The National Energy Act was conceived in reaction to the energy crisis of 1973. It contained a plethora of legislation that would aim to drastically cut the demand for imported oil. One such act, now today as PURPA, would give manufacturers of renewable energy a toe-hold in the door to large scale energy manufacturing and deployment, which is always appreciated. PURPA was meant to promote better energy conservation, domestic power production, and renewable energy construction and integration.
Prior to PURPA, electric utilities were structured in what is known as vertical monopolies, which basically means that they control all aspects of energy supply: the generation, distribution and control were all controlled by one company, which was originally thought to be more effective method of energy maintenance. Well, that is until PURPA was introduced and broke that model and would make it much easier for other energy companies to integrate into the grid.
PURPA also eliminated “rate structure” promotions offered by utilities. Rate structure decreased the cost of electricity by kWh with increasing usage, with smaller increments included, as well.

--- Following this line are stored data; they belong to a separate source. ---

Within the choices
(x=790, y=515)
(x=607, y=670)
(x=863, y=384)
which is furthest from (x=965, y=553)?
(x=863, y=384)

PURPA’s Role in Renewable Energy
PURPA enabled non-utility generators (NUG’s) to generate and attach energy to the energy grid by breaking the monopolies that held control of it. Not only that, but PURPA also forced utility companies to purchase energy from other energy producers, like producers of renewable energy, if that cost was less than their avoided cost, or the cost of producing the extra energy on their own and delivering it to the consumer. As a result, more and more cogeneration plants were built and implemented into the system. These plants were required by law to harness thermal energy in the form of steam, which would otherwise be wasted if energy alone was produced.
Controversy with PURPA
PURPA was not as big of an issue back in the 1970’s. However, more and more utility providers are having issues with PURPA. Specifically, having to accept renewable energy providers, specifically providers of solar energy, due to the fact that solar energy has become gradually more affordable and viable in energy production over the last few years.

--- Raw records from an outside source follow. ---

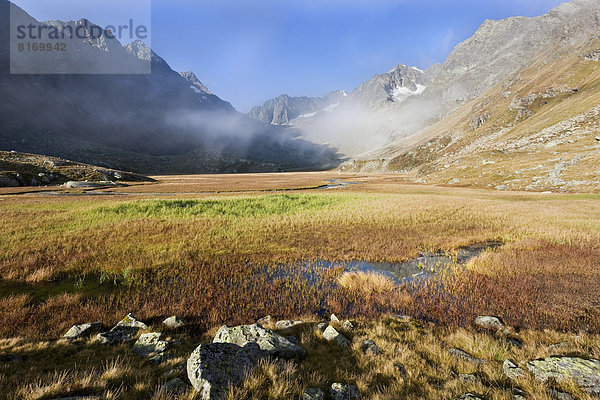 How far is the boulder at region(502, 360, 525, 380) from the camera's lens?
15.5 feet

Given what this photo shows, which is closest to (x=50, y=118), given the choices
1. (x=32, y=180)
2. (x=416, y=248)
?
(x=32, y=180)

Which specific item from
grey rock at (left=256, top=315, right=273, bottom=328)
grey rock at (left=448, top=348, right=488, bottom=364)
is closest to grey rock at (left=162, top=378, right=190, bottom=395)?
grey rock at (left=256, top=315, right=273, bottom=328)

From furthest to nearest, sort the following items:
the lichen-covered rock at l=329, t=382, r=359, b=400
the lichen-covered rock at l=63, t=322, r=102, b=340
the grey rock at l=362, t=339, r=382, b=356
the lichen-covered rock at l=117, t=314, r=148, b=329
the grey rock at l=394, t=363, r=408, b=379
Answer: the lichen-covered rock at l=117, t=314, r=148, b=329, the lichen-covered rock at l=63, t=322, r=102, b=340, the grey rock at l=362, t=339, r=382, b=356, the grey rock at l=394, t=363, r=408, b=379, the lichen-covered rock at l=329, t=382, r=359, b=400

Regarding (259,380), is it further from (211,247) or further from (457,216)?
(457,216)

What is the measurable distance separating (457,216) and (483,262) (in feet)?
49.4

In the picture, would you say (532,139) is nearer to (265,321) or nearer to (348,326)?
(348,326)

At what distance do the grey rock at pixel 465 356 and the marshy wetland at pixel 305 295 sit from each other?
0.24 m

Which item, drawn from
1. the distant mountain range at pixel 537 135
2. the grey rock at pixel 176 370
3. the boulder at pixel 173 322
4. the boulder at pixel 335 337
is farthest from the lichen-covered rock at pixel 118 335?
the distant mountain range at pixel 537 135

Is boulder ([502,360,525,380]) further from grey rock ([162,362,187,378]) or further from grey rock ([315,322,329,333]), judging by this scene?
grey rock ([162,362,187,378])

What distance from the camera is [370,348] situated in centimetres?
582

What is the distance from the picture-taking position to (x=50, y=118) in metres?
192

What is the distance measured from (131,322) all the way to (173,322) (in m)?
1.13

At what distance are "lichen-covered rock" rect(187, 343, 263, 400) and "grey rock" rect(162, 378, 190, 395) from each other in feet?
0.41

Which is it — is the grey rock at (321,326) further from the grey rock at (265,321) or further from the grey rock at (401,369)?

One such controversy has erupted in Montana where the state’s largest investor-owned utility company, known as NorthWestern Energy, filed a claim with the state’s public service commission stating that the current rates of qualified providers (QF’s), which were stalled at $66 per mega-watt hour, was out of date as of 2013. The commission granted the proposal and altered the terms of which QF’s that provided between 100 kilowatts and 3 megawatts received the current avoided cost rate. None of the projects met the criteria.
The Federal Energy Regulatory Commission (FERC) declared that the Montana State Commission had ruled in a way that was inconsistent with PURPA. However, as of this writing, they have not made any movements to rectify the commissions movement, which begs the question as to how seriously PURPA is being enforced.

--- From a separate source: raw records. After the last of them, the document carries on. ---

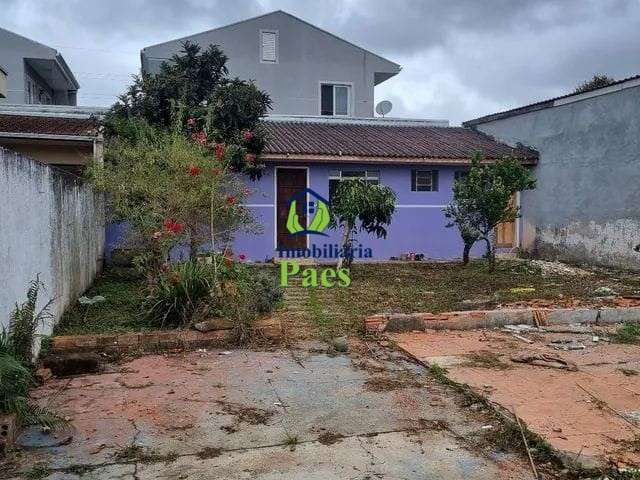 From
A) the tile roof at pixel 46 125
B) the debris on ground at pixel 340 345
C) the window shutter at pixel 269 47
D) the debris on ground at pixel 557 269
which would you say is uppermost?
the window shutter at pixel 269 47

In another instance, a North Carolina based utility company, Duke Energy, is currently backing a bill that would bring all renewable energy construction to a slow crawl. Introduced by Rep. Dean Arp (R-Union), House bill 909 is encouraging the once halted negotiations between Duke Energy, renewable energy advocates, and other PURPA stakeholders.
The bill would remove all North Carolina renewable energy projects from the umbrella of PURPA, and would throw those projects into a bidding process lead by Duke Energy. The bidding would have a ceiling of a predicted 400 megawatts.
“This bill would crush renewables in every sense, except perhaps in agriculture,” said Chris Carmody, the executive director of the North Carolina Clean Energy Business Alliance. You can read more on the North Carolina controversy here!
But Montana and North Carolina are not the only states seeing conflict with PURPA. Utah and Oregon utilities are starting to call for new contract lengths, rates, and other changes. Solar companies have since stated that the proposed changes would make it impossible to finance solar projects. It is not farsighted to say that further controversy could emerge in the near future.
New Legislation Affecting PURPA
PURPA is seeing a steady decline in significance as most of the contracts signed in the 1980’s are coming to an end. Furthermore, PURPA was amended in 2005 under the Energy Policy Act of 2005. The amendments to PURPA begin on Section E, subsection 1251 through 1254 of the Energy Policy act. Here is a short list of what amendments were made:
- Each electric utility service shall make available upon request net metering services to any electric consumer the utility serves
- Each electric utility shall develop a plan to minimize dependence on 1 fuel source and to ensure that the electric energy it sells to consumers is generated using a diverse range of fuels and technologies, including renewable technologies.
- Each electric utility shall develop and implement a 10-year plan to increase the efficiency of its fossil fuel generation.